If you’ve read this long enough, you probably know that I’m the local news editor for the Argus Leader in Sioux Falls, South Dakota.

Well, this week we launched a new little project — because I have so much spare time to devote to side projects.

Coworker Cory and I are going to sample all kinds of fitness stuff this summer. And we’re doing it all on video.

Here’s our super awesome logo:

FITTY-FOODIE

And here is the video for our first challenge.

We each wrote a column introducing ourselves. Here is Cory’s. And here is his blog, which looks at local food.

Below is my column:

Everyone has to find their own rock bottom.

For me, it came about 12 years ago, as I wandered through a bookstore, still feeling foggy from the night before. I wasn’t exactly proud of my lifestyle at the time, making some bad decisions in a lot of areas.

I saw a book on running as I wandered, and it stopped me. Even with other poor life choices, I had always maintained a tiny bit of an active lifestyle — from mountain biking in college (and chain-smoking) to a little hiking and such after (and binge-drinking). But as I looked at that book, “The Non-Runners Guide to Marathoning,” I realized how far I had strayed from the person I used to be.

The one who ran track in high school. Who cared about health and fitness. Who wanted to be athletic, even if I was never talented enough to be competitive.

I have a lot of fifth-place ribbons, and the only thing I’ve ever won was my heat, once, as the anchor in the 1600-meter relay in high school (we took fifth overall, of course).

But that moment, crying in the bookstore, was my turning point. Anybody can run, right? And the book, which actually is a college text for a class where the final is completing a marathon, assured me that, yes, even I could do this. I already had quit smoking a few months earlier, only because I was so broke I had to choose between groceries and cigarettes. Small victory that I chose food, right?

I bought the book. And a pair of cheap running shoes. And I stepped outside. My first run, I couldn’t make it even a half-mile. I had to walk home.

But every day, step by step, I made it a little farther. And a few months later, I completed the Milwaukee Lakefront Marathon — finishing in last place.

In the decade since, I’ve taken two hours and 40 minutes off my marathon time. I’ve run 10 marathons, including Boston this year, and a ton of other races, triathlons, bike rides and more. I teach spin classes at a gym. I write columns on fitness and wellness.

I changed my life.

I like to joke that I’ve “fallen in with a bad crowd,” one that thinks it’s more fun to go run at 5:30 a.m. than to go for drinks at 5:30 p.m. I’m only half-joking. I would never be where I am without the Sioux Falls running community. I hope I’ve been able to inspire others as much as people have inspired me.

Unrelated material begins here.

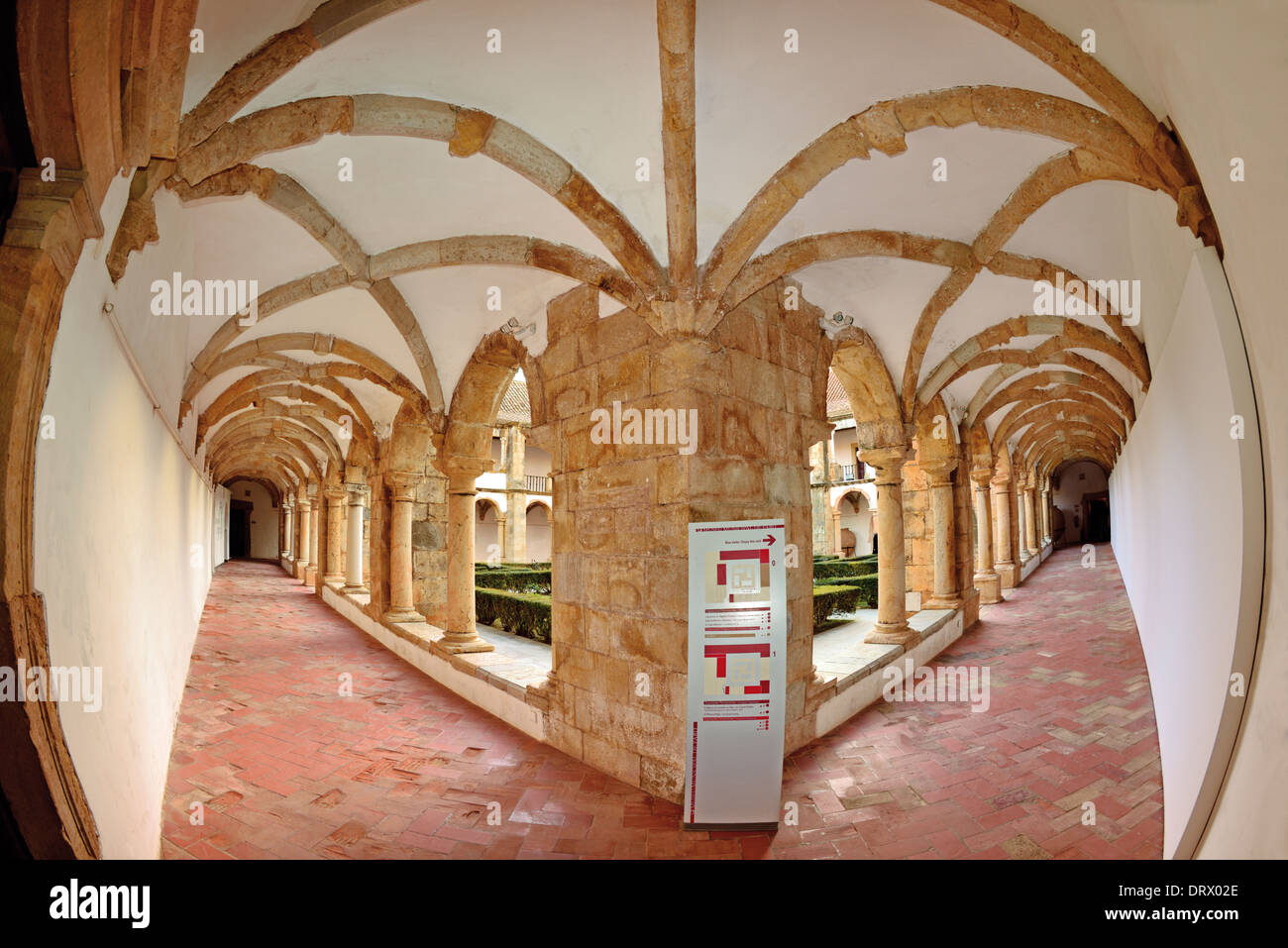 Le Portugal, l'Algarve : Cloître médiéval dans le musée de la ville de Faro Banque D'Images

It’s still a struggle some days to get up and go. Just this morning, I overslept completely and missed the only social time I have between work and having two young children.

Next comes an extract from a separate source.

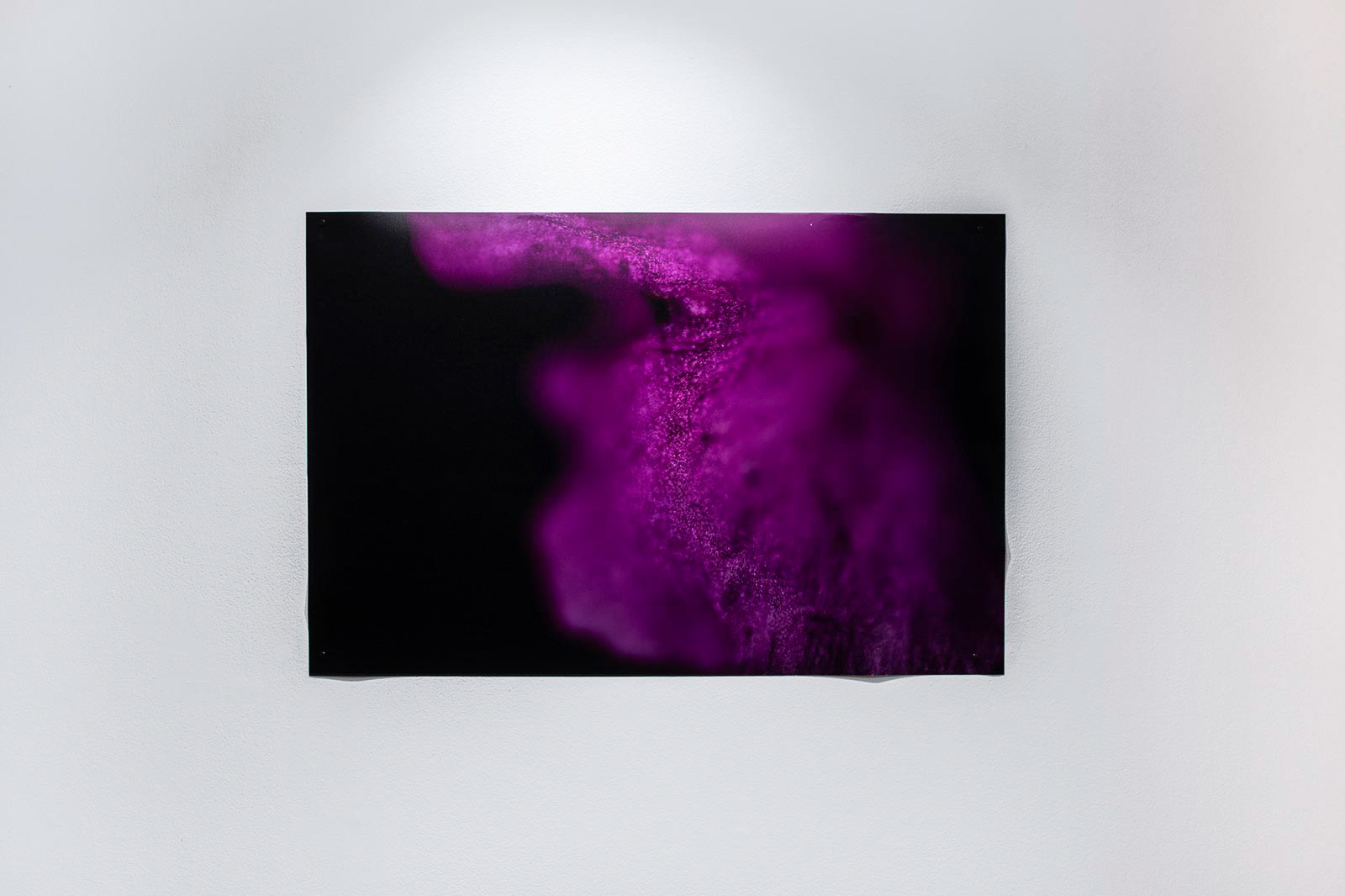 Installation View, "Untitled"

The difference is, now I know that one missed day doesn’t mean anything. And I almost never miss two in a row. I don’t ever want to stand there again, hating myself and my life and wondering how, how did I get here?

Instead I try to remember how I got where I am now — one step at a time, with a few missteps in between.

And now I know that my health and well-being are worth investing in. It’s something I do, almost every day, by weaving through the city of Sioux Falls in the early morning light, with my closest friends and the knowledge that taking care of ourselves matters.

Jacqueline Palfy Klemond is the local news editor. She has her weaknesses, like anyone. Mostly for Diet Coke and red wine.